The US Department of State [official website] announced on Wednesday that it would pursue a second term [press release] on the UN Human Rights Council (UNHRC) [official website]. In continuing its membership, the US intends to further its stand against the council's "biased and disproportional focus on Israel," and push the council to "address a broad range of urgent and serious human rights concerns worldwide." The State Department highlighted the accomplishments [fact sheet] of the UNHRC over the last two years, citing the council's deepened engagement in human rights situations worldwide, initiation of concrete action to drive human rights priorities, and defense of core human rights principles. State Department Acting Deputy Spokesman Mark Toner expressed the US government's commitment to human rights, saying:
We believe that US engagement in the Human Rights Council has directly resulted in real progress. In our two years on the Council, we've not been happy with every outcome, and have firmly denounced Council actions we disagree with, but the Council has made important strides. Much work remains to be done for the Human Rights Council to sustain the gains of the last two years and to fully realize its potential, and the United States looks forward to continuing our efforts to do so.Last week's 16th session of the UNHRC [press release] adopted 40 resolutions promoting human rights, appointed a Special Rapporteur to assess the human rights situation in Iran and dispatched an independent commission to the Ivory Coast [JURIST reports] to investigate the violation of human rights following the presidential elections.
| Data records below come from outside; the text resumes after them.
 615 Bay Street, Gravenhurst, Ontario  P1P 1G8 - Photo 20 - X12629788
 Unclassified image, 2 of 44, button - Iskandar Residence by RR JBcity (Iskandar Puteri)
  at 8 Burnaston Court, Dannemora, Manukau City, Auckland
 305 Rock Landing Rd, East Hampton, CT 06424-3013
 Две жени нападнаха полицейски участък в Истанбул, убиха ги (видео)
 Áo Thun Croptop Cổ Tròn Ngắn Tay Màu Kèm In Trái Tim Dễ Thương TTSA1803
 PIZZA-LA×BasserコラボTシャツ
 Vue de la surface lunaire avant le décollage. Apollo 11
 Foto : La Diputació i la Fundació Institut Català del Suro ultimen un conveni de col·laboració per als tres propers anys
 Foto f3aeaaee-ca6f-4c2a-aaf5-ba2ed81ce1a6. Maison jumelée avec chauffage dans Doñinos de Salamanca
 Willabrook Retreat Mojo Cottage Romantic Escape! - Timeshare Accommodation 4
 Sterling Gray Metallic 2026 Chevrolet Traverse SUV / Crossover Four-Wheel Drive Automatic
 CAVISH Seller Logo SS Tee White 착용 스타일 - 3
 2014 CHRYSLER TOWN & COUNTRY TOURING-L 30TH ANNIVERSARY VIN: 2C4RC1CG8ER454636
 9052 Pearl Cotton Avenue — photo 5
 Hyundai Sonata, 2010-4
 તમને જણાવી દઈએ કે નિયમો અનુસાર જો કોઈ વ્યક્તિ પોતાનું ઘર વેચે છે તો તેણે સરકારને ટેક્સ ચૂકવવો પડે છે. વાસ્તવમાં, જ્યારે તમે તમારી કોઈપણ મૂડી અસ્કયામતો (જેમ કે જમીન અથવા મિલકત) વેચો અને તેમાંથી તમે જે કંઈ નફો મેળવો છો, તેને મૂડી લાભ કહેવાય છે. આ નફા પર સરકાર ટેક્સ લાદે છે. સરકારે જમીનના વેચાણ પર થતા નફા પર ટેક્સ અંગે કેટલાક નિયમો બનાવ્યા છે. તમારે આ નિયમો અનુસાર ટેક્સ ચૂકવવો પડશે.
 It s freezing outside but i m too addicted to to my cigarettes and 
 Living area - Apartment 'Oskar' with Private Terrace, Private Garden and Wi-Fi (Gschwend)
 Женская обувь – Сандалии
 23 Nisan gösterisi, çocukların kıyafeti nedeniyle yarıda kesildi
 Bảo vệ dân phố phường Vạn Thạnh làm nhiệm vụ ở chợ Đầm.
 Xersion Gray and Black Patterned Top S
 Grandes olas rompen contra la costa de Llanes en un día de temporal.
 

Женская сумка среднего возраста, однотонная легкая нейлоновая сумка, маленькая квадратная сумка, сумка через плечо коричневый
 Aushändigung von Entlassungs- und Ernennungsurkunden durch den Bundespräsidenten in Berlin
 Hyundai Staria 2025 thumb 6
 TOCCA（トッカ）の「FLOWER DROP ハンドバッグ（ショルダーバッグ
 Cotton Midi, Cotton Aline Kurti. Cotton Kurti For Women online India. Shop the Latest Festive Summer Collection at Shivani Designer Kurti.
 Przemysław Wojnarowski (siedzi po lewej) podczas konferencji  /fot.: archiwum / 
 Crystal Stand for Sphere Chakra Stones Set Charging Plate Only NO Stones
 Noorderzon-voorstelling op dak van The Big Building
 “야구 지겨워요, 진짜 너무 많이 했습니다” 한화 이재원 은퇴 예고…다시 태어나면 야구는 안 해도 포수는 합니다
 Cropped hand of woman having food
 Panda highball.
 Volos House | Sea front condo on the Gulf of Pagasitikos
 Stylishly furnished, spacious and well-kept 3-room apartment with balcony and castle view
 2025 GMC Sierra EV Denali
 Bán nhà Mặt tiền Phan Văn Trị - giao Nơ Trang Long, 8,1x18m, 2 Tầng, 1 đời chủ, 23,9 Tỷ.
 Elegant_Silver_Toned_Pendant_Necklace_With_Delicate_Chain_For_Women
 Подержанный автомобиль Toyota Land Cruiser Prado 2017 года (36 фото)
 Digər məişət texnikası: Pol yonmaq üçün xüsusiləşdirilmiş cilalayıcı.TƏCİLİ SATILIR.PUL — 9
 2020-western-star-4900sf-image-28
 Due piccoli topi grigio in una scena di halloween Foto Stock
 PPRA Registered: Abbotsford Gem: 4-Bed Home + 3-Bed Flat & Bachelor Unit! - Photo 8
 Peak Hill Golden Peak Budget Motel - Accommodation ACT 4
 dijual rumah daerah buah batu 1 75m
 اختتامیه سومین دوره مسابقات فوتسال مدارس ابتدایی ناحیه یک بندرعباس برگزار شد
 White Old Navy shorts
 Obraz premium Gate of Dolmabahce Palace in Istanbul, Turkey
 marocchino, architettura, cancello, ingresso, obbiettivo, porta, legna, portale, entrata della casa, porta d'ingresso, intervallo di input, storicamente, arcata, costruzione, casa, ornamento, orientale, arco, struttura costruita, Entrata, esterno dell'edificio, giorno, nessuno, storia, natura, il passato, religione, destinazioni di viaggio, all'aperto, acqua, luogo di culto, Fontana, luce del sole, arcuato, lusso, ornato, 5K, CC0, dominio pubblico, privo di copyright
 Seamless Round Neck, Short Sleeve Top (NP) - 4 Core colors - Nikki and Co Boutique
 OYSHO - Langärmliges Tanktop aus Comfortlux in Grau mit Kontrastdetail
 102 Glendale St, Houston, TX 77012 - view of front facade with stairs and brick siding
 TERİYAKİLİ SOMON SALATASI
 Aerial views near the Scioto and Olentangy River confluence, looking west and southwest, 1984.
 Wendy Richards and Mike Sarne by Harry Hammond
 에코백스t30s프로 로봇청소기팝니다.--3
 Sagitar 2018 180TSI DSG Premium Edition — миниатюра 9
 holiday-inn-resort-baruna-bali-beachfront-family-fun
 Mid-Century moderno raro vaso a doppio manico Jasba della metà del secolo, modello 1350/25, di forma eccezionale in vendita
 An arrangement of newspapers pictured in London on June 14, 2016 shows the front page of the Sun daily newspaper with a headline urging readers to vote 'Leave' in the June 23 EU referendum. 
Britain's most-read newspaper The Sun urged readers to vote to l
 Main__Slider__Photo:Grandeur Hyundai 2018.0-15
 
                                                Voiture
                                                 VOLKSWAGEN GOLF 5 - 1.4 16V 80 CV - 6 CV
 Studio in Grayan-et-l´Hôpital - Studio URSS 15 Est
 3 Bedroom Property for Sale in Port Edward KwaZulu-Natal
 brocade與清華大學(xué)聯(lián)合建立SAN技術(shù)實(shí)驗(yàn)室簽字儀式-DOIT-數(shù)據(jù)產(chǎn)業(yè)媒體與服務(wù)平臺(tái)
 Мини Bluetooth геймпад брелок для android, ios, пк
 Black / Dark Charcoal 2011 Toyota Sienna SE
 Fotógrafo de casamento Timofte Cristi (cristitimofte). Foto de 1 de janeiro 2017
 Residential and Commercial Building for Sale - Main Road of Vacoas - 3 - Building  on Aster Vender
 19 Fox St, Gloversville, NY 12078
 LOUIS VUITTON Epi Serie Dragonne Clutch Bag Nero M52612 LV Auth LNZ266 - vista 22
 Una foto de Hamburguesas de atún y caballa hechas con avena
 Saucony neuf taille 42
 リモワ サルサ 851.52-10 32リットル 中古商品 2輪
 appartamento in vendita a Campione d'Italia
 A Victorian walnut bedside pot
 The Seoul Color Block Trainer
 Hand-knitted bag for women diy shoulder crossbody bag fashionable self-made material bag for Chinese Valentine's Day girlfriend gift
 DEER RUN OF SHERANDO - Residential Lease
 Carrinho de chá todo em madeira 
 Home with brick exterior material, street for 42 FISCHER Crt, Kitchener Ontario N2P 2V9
Also, the US led an unprecedented effort to have 85 member-states sign on to a statement supporting the human rights of lesbian, gay, bisexual and transgendered people.
The US was among 18 countries elected [JURIST report] to the council in May 2009. When the US first took its place [JURIST report] on the UNHRC, the Obama administration faced opposition [Reuters report] from pro-Israel groups. Several other human rights organizations criticized [JURIST report] the council's election process, alleging vote trading and a lack of effective candidates. In April 2009, the State Department released [JURIST report] its commitments and pledges to human rights in anticipation of May election. The US announced its intent to seek a seat on the council [JURIST report] earlier that month, hoping to affect more change by working from inside the council than by boycotting the effort. The UNHRC was created [JURIST report] in 2006 to replace the much-criticized Committee on Human Rights, at which time the Bush administration declined to seek a council seat or participate in its proceedings due to a perceived anti-Israeli sentiment by the UNHRC. The US's current term on the council will expire in 2011.